Abstract
Purpose:
This study was designed to investigate the relationship between serum relaxin concentration (SRC) and menstrual history and hormonal contraceptive use among elite collegiate female athletes. Evaluation of SRC in athletes is necessary, because relaxin has been associated with increased knee joint laxity and decreased anterior cruciate ligament (ACL) strength in animal models.
Methods:
National Collegiate Athletic Association Division I female athletes participating in sports at high risk for ACL tears – basketball, field hockey, gymnastics, lacrosse, soccer, and volleyball – were invited to participate. All participants completed a questionnaire about their menstrual history and hormonal contraceptive use. Venipuncture was performed to obtain samples of serum progesterone and relaxin. Samples were obtained during the mid-luteal phase from ovulating participants, and between the actual or projected cycle days 21 to 24, from anovulatory participants. Serum concentration of relaxin and progesterone was determined by ELISA and the data were analyzed using SPSS statistical software with significance set at P = 0.05.
Results:
169 female athletes participated. The mean SRC among all participants was 3.08 ± 6.66 pg/mL). The mean SRC differed significantly between those participants using hormonal contraceptives (1.41 pg/mL) and those not using hormonal contraceptives (3.08 pg/mL, P = 0.002). Mean SRC was lowest among amenorrheic participants (1.02 pg/mL) and highest among oligomenorrheic participants (3.71 pg/mL) and eumenorrheic participants (3.06 pg/mL); these differences were not significant (P = 0.53). Mean serum progesterone concentration (SPC) differed significantly between those participants using hormonal contraceptives (2.80 ng/mL), and those not using hormonal contraceptives (6.99 ng/mL, P < 0.0001).
Conclusions:
There is a positive correlation between serum progesterone and SRC and an attenuation of SRC with hormonal contraceptive use. Our results underscore the significant role that hormonal contraceptives can play in decreasing relaxin levels, if future investigations establish a link between relaxin levels and ligamentous injury among female athletes.

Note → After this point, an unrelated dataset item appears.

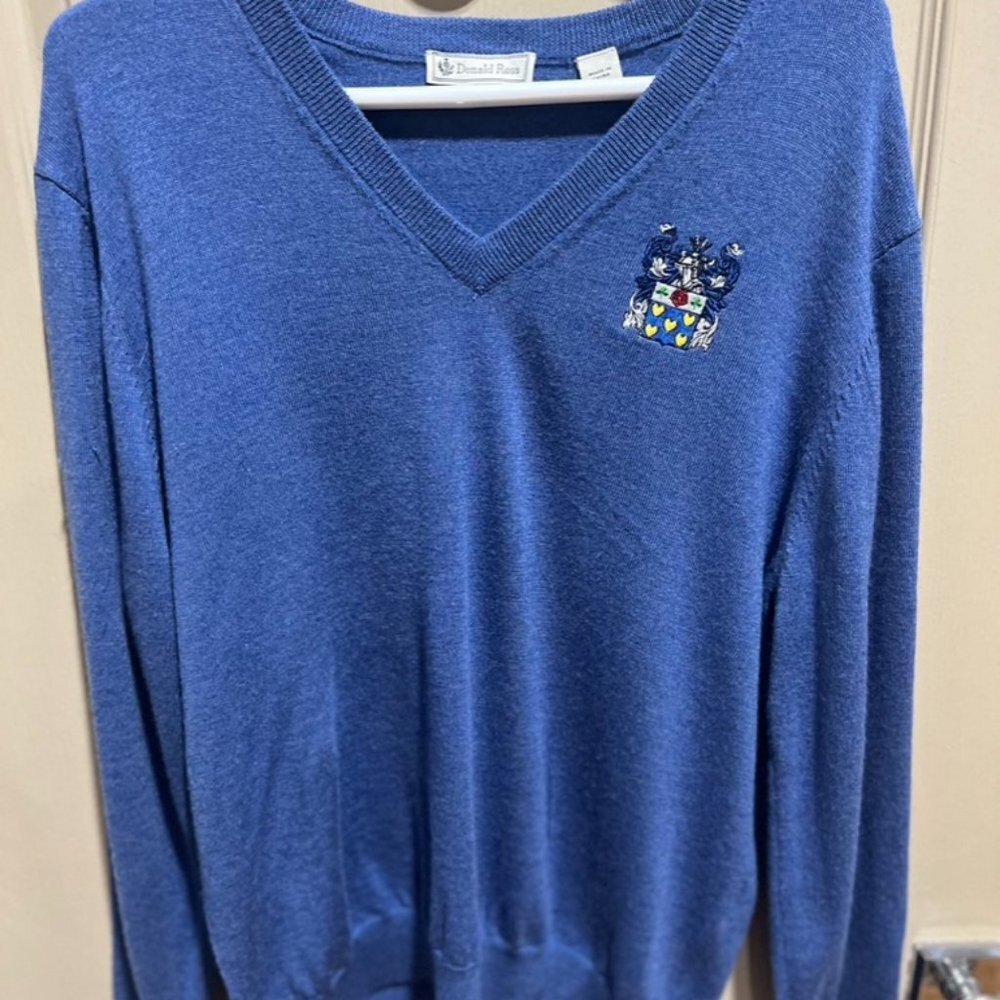 NWOT Donald Ross V Neck Sweater Sz M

Keywords: hormones, ACL, anterior cruciate ligament, hormonal contraceptives, menstrual cycle
Introduction
Relaxin is a peptide hormone that belongs to the insulin superfamily of hormones.1,2 Recent research on this hormone has revealed that it has three forms in humans,3 which have unique sites of production4–6 and a broad range of physiologic effects throughout the body. The focus of this study is on Relaxin-2, which is produced by the corpus luteum,7 decidua,8–10 and placenta6,10 and is transcriptionally regulated by progesterone and glucocorticoid hormones.11 Relaxin-2 has historically been studied in pregnant women. Because it is also found in the serum of nonpregnant women,12–14 its effects on nonreproductive tissue merits further investigation.
Research has established that the function of Relaxin-2 is to facilitate the remodeling of collagen through the upregulation of collagenases,15,16 matrix metalloproteinases,17 and tissue plasminogen activator (tPA).15,17 Because of its well-established role as a female reproductive hormone, the collagenolytic effects of Relaxin-2 have been studied primarily with respect to its effect on pregnancy and parturition,18,19 myometrial pathology,20 urinary incontinence,21 and premenstrual dysphoric disorder22 in middle-aged women. More recently, a number of studies have begun to investigate the role of relaxin in nonreproductive organ and tissue disease processes.23–26
Relaxin has been associated with increased knee joint laxity in pregnant women27 and decreased anterior cruciate ligament (ACL) strength in animal models.28 The established presence of relaxin receptors on the female ACL29,30 also underscores that relaxin-mediated remodeling of female ligaments is an important mechanism to investigate. To date, no studies have described the serum relaxin concentration (SRC) among a large sample of young, healthy, nulligravidae elite female athletes. Understanding SRC among this population is important, because relaxin has been shown to increase ligament laxity among women.27,31,32
This study was designed to investigate the relationship between SRC and menstrual history and hormonal contraceptive use among elite collegiate female athletes. Our hypothesis is that athletes who are on hormonal contraceptives, or who are amenorrheic, will have significantly lower levels of relaxin than those who are not on hormonal contraceptives or those who are eumenorrheic or oligomenorrheic, because these athletes will be anovulatory and not producing the corpus luteum thought to be necessary to secrete Relaxin-2.
Methods
After institutional review board approval was obtained, National Collegiate Athletic Association Division I female athletes who participate in sports identified as high risk for ACL tears – basketball, field hockey, gymnastics, lacrosse, soccer, and volleyball – were recruited to participate. Athletes with a history of pregnancy were ineligible to participate. Of the approximately 190 eligible athletes, 169 agreed to participate (89% response rate). The desired sample size was at least 90, to reach 80% power to detect a 10% difference in mean SRC between 2 groups.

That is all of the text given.